Summary
In Frey the court determined that certain stock options were a marital asset although the husband could have lost his right to the options had he been terminated before he exercised the options.
Summary of this case from Eslava v. Gulf Telephone Co., Inc.Opinion
No. 2981413.
Decided: January 7, 2000.
Appeal from Shelby Circuit Court (DR-97-571).
John M. Wood adn Michael A. Anderson of Wood Shaw, L.L.C., Birmingham, for appellant.
Hewitt L. Conwill, Columbiana, for appellee.
On May 6, 1999, the trial court entered a judgment divorcing the George J. Keff ("the husband") from Pamela B. Keff ("the wife") after eight years of marriage. The husband filed a postjudgment motion, in which he requested, in part, that the trial court clarify its judgment as it pertained to the stock options the judgment had awarded to the wife. In response to that motion, the trial court entered an order amending the final judgment of divorce.
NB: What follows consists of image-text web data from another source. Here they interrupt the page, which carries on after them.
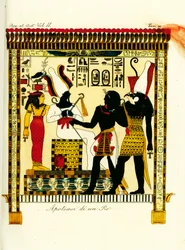 Apoteose av en farao: Kong Seti I møter gudene Osiris og Horus oppdaget i Theben av Giovanni Battista Belzoni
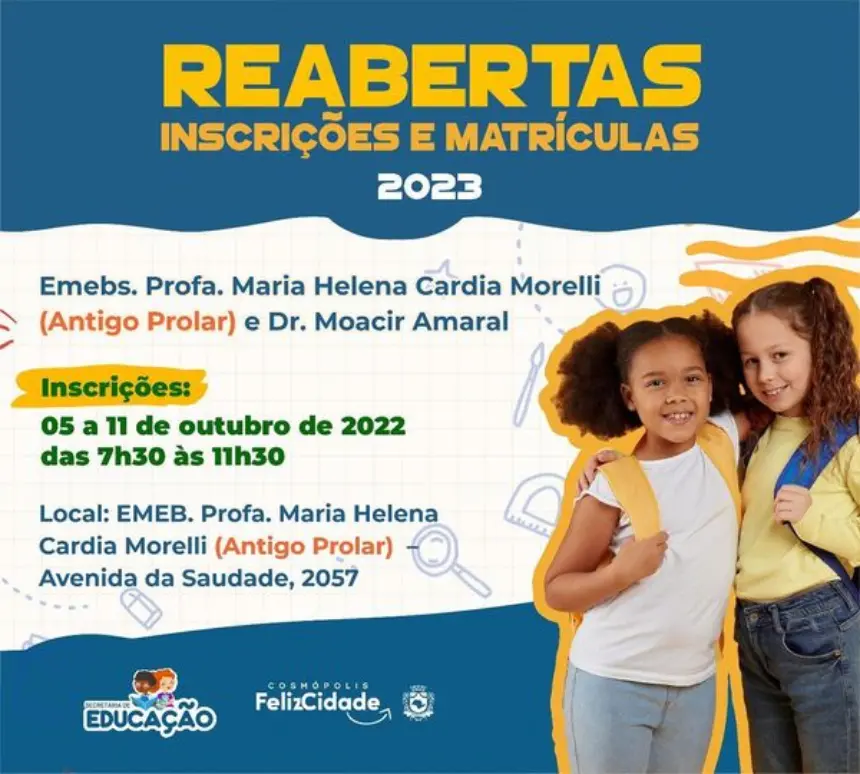 Educação reabre as Inscrições e Matrículas para as Escolas de Complementação Educacional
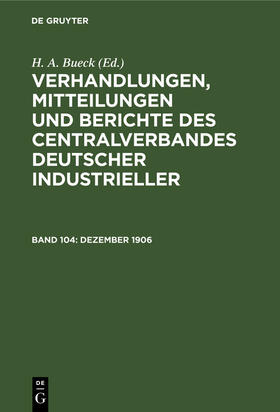 Bueck |  Dezember 1906 | Buch |  Sack Fachmedien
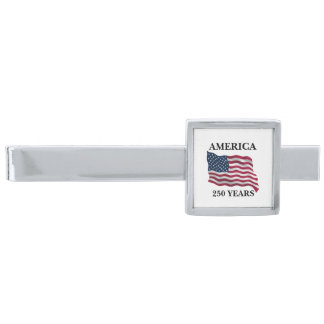 America 250 Years Flag Silver Finish Tie Bar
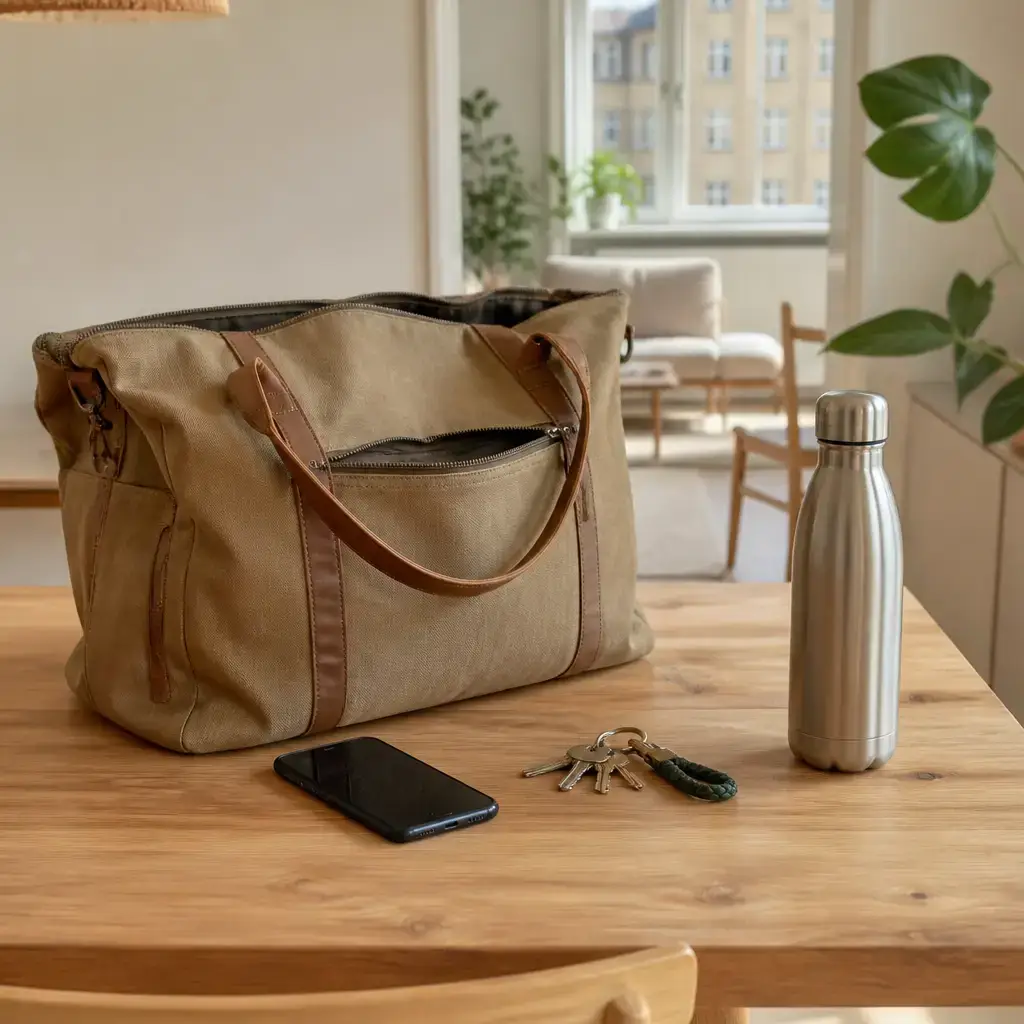 Danish lesson set in a contemporary Copenhagen everyday setting: Before leaving, two adults check that a bag has the needed phone, keys, and water bottle..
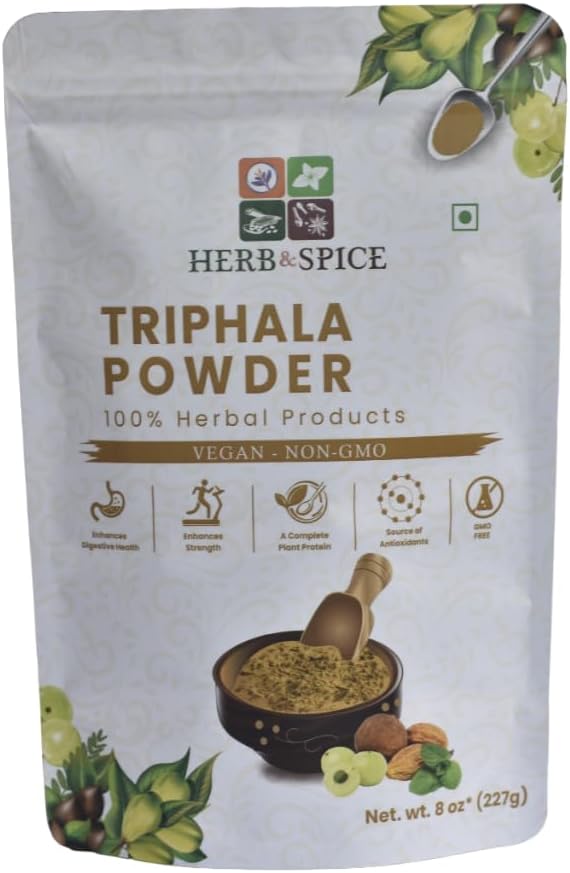 Triphala Powder Non GMO, Gluten Free, 100% Raw, Sourced from India, Herbal Formula Amla, Haritaki, Bibhitaki, Packed in Resleable Zip Lock Pouch (227 Gram)
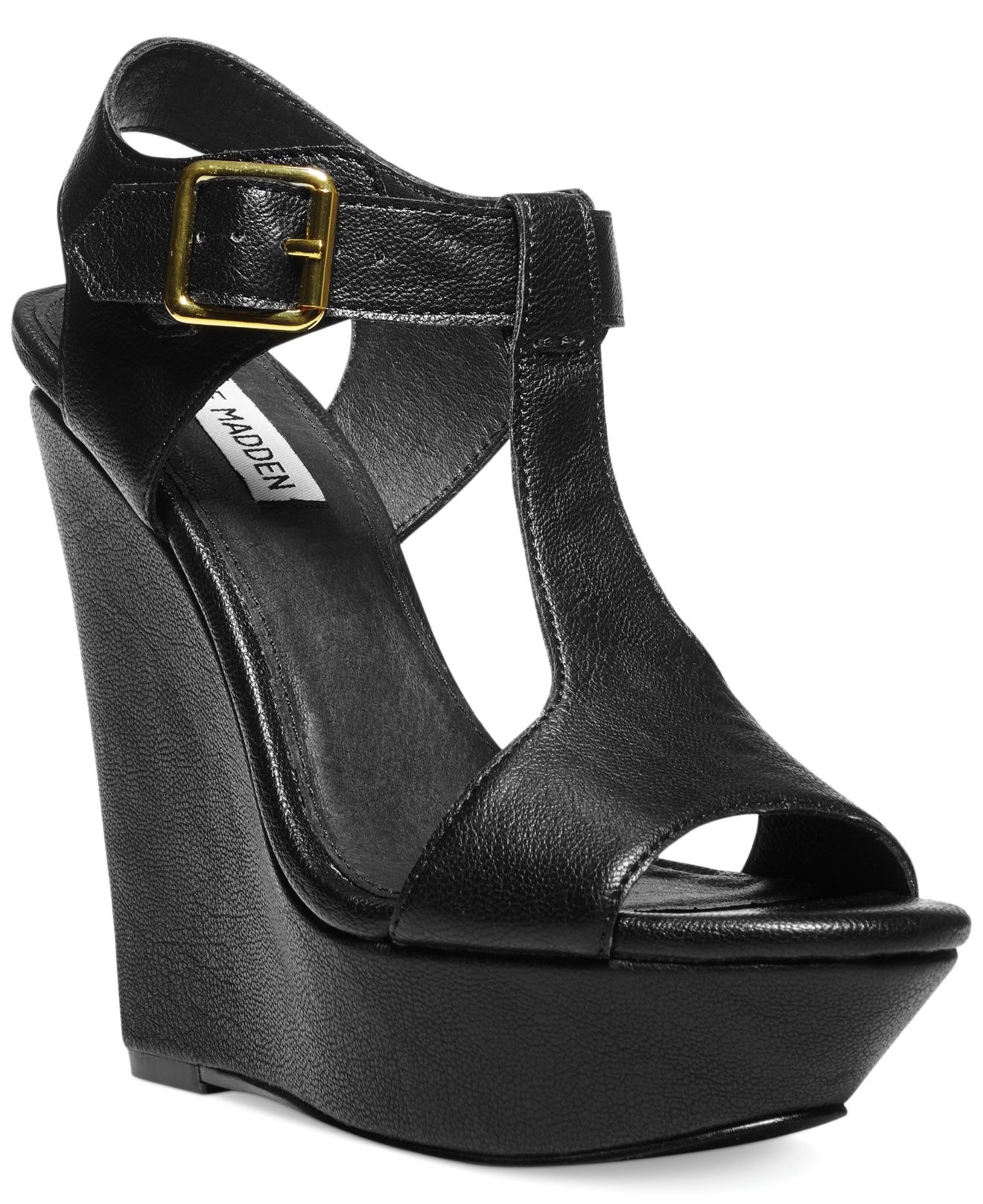 steve madden black leather sandals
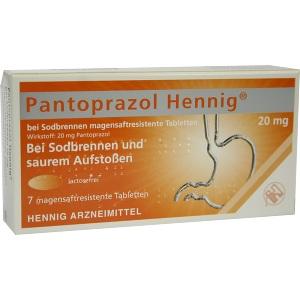 Pantoprazol Hennig b.Sodbrennen 20mg Magen.res.Tab, 7 ST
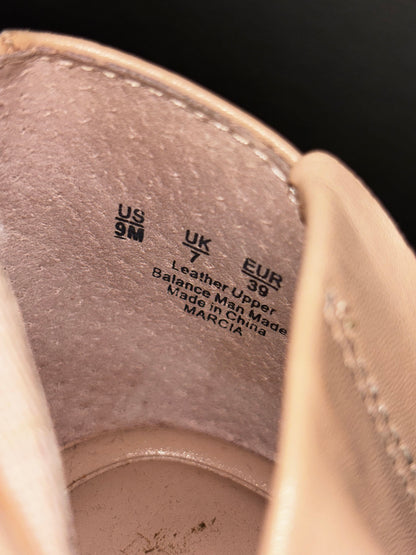 Preston York Beige Leather Wedge Espadrilles size 9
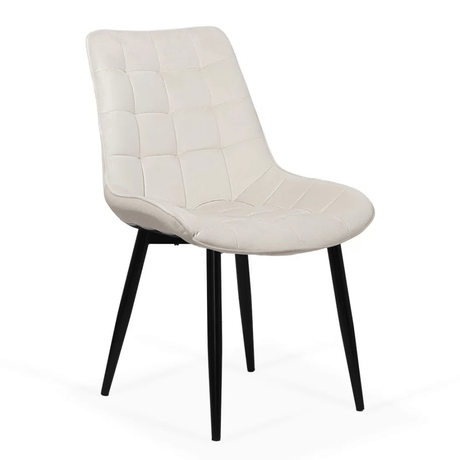 Scaun crem catifea cadru metalic negru BUC206 Cote D'Azur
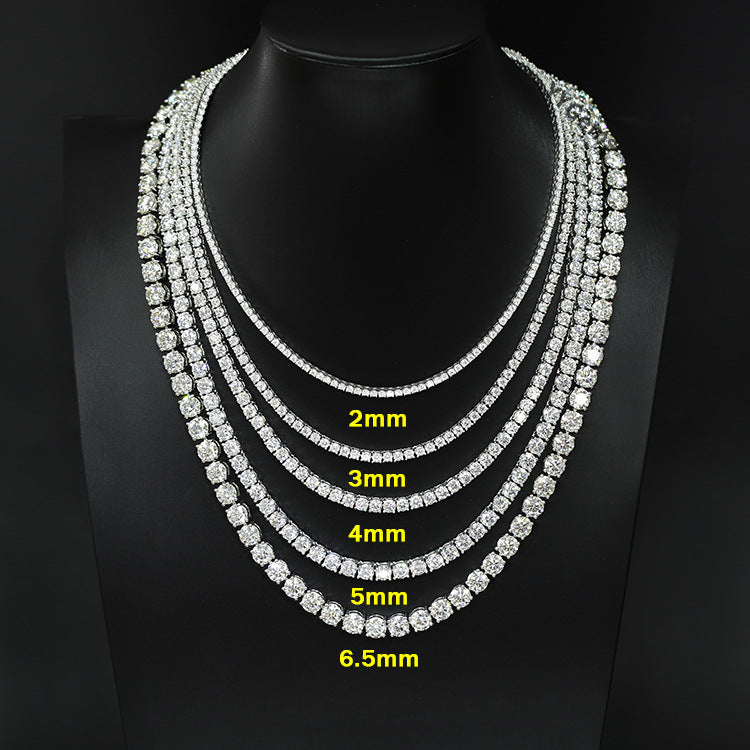 White Gold Plated Silver 925 MOISSANITE TENNIS CHAIN WHITE GOLD (ALL SIZES)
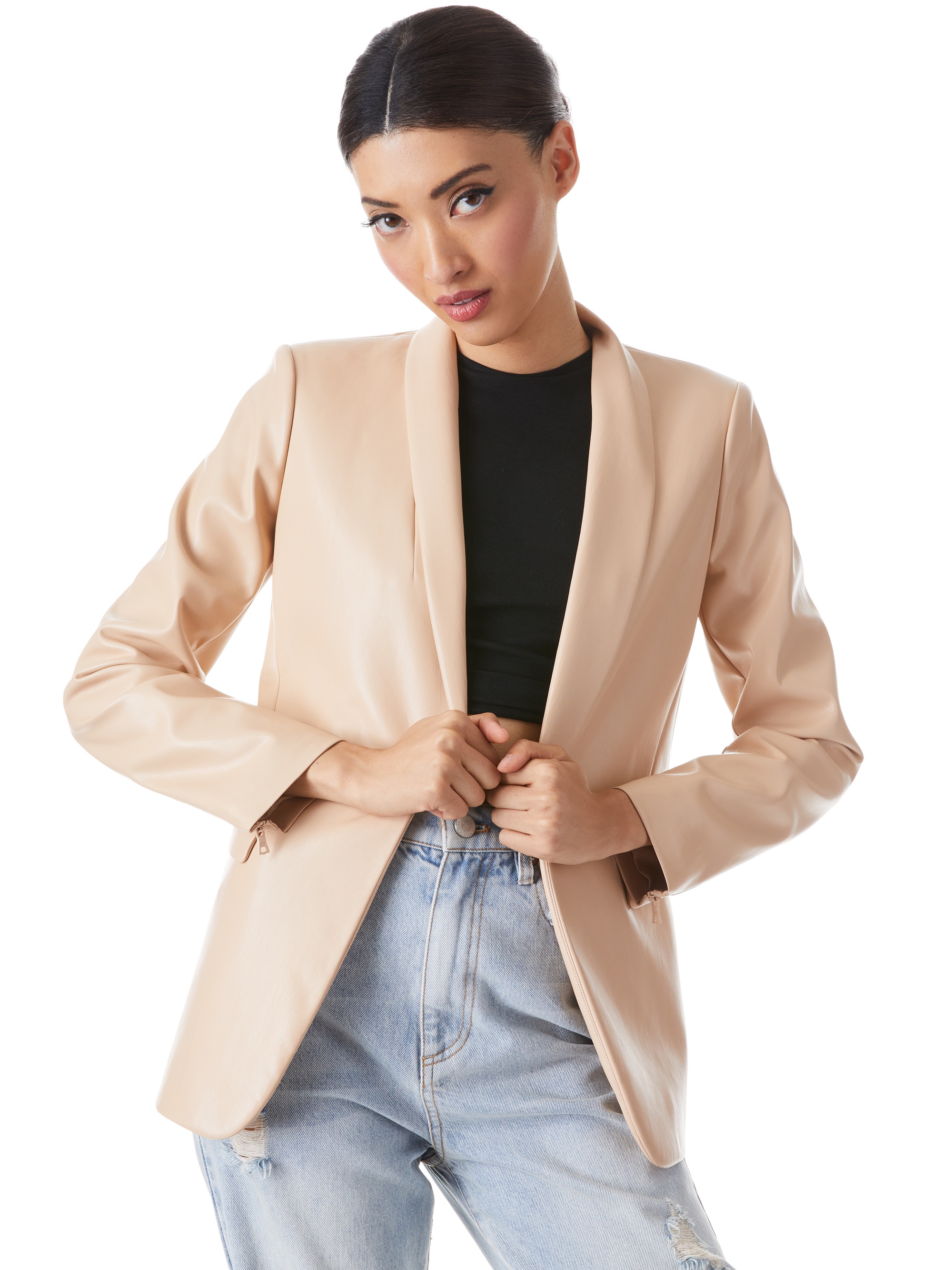 MACEY VEGAN LEATHER SHAWL COLLAR BLAZER - 2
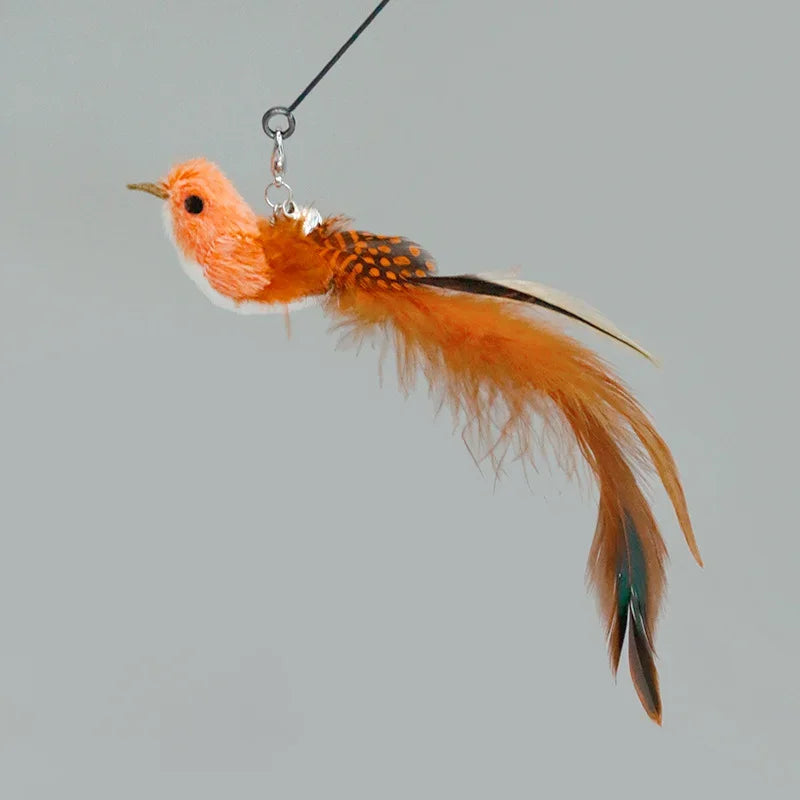 Funny Cat Stick Toy Furry Feather with Bell Cat Stick Toy Kitten Playing Pet Accessories Worm on A String Cat Toys Interactive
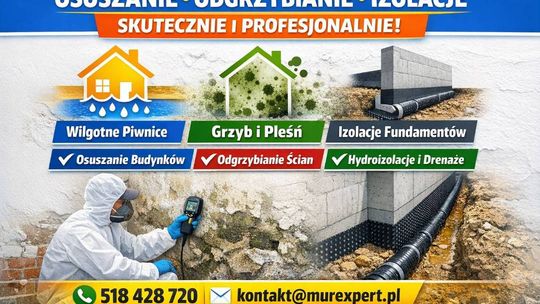 Izolacja pozioma. Podcinka fundamentów i iniekcja krystaliczna. 100% blokada wilgoci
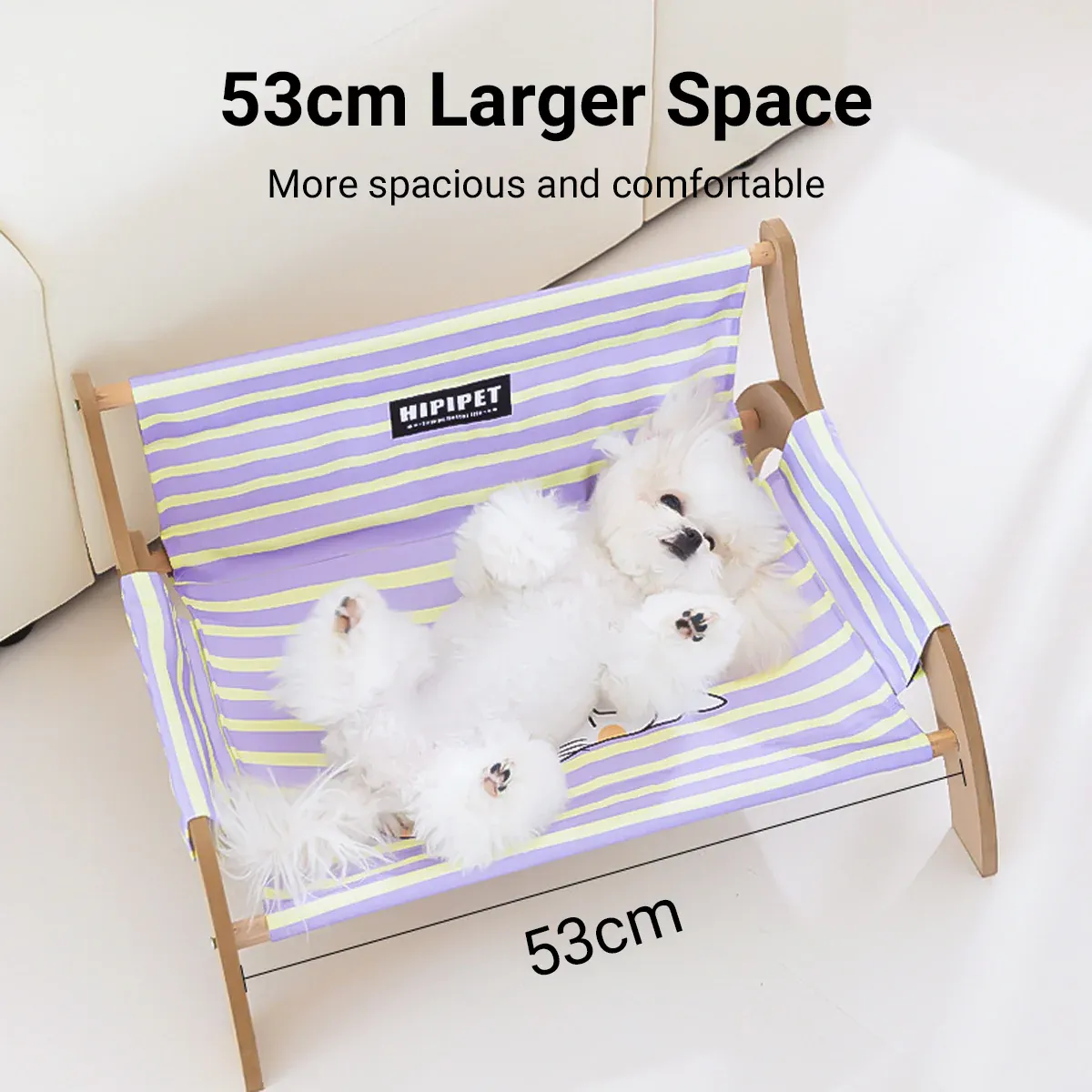 Pet Striped Lounge Bed Pet Nest Soft Cushion Washable Anti Slip Comfortable - Purple — image 6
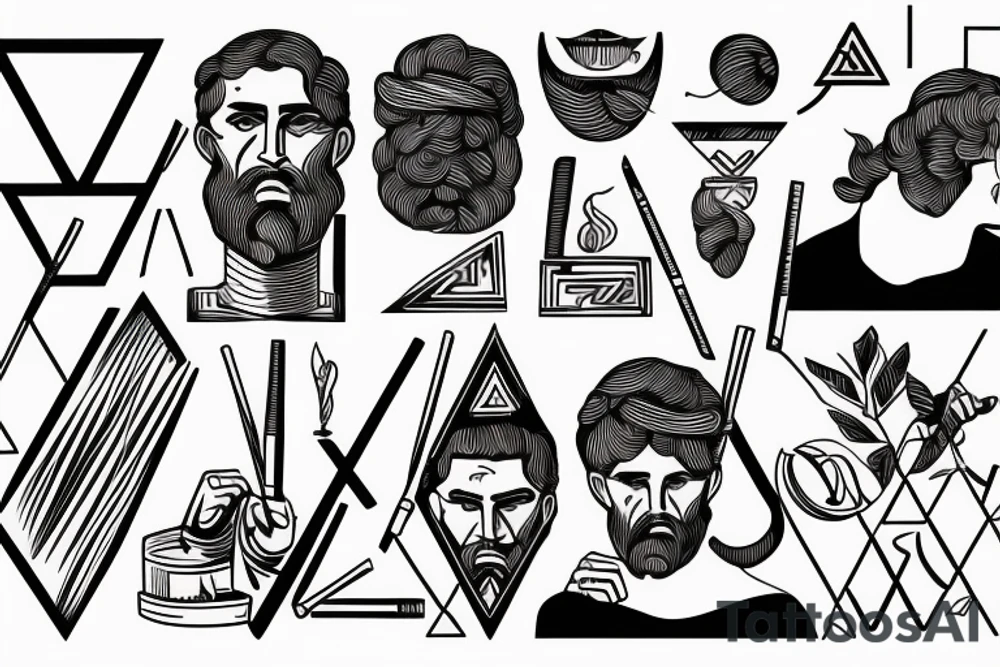 Ancient greece man holding a cigarette tattoo idea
The husband appeals from that judgment, complaining of the property division and the alimony provisions.
The court amended the judgment to provide that the party receiving any benefit from the stock options shall be responsible for any resulting tax consequences.
The husband contends that the trial court erred in awarding his nonvested stock options to the wife. The specific portion of the judgment the husband objects to provides as follows:
"7. OTHER PERSONAL PROPERTY
"A. [The wife] is entitled to one half (1/2) of the Charles Schwab stock options (both vested and non-vested) as of the date of the decree.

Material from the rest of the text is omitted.